AVG Antivirus for Mac offers one of the simplest interfaces out there. While this program doesn't present a giant "you're protected" message as its competitors do, it does give enough smaller cues to let you know that nothing's wrong.
From AVG's main screen, you need to click only once to scan your Mac, open a custom scan of a specific file, disable or enable protection, and open the quarantine folder. That's everything most users will need to do, and it's all easy to understand.
Clicking Scan doesn't send you away from this home screen, either. Instead, that section of the screen changes to a progress wheel. There's a Details button that you can click for more information; this will move you from the home screen, but you likely won't need to click it.
In the Preferences window, you'll find options to disable the menu-bar icon and the scanning of archived files (which includes .RAR's and .ZIP's), external files and shared folders. (Scanning of the latter two types is disabled by default.)
Here, you'll also find the option to scan for potentially unwanted applications, otherwise known as PUAs — the annoying but legal programs that sneak into your computer alongside other downloads. The final option in this window allows you to tell AVG AntiVirus not to scan certain folders and files.
Installation and Support
Clicking Download on AVG's site sends you to a page on Download.com (aka, download.cnet.com) where you'll procure the disk-image file containing AVG's installer. Then, you'll run that installer and have AVG AntiVirus for Mac up after around 8 minutes.

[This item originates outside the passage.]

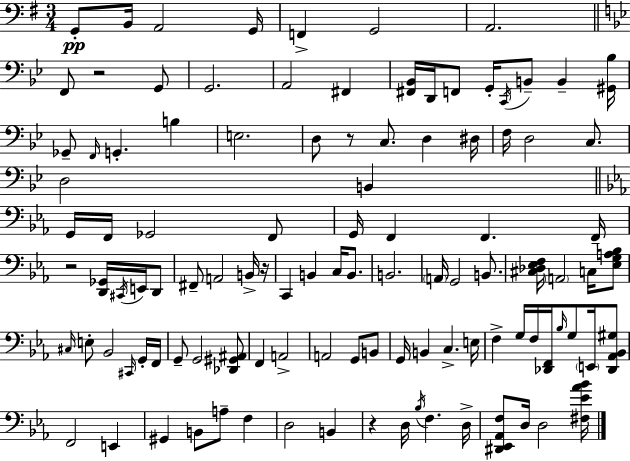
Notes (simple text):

Because it's free, AVG AntiVirus for Mac doesn't include any customized technical support, so you'll be left to peruse the company's databases and forums to get answers to your questions. One of AVG's help pages promotes the company's free consultations, but those serve only as prelude to a solution, as service starts at $79.
AVG Antivirus for Mac's 99 percent malware-detection rate makes it a good choice for people without money to spend. We also appreciate the straightforward interface.
Among free options, we give an edge to Avast Free Mac Security, because it causes less of a system impact. But AVG is definitely worth considering if you want to shield your Mac.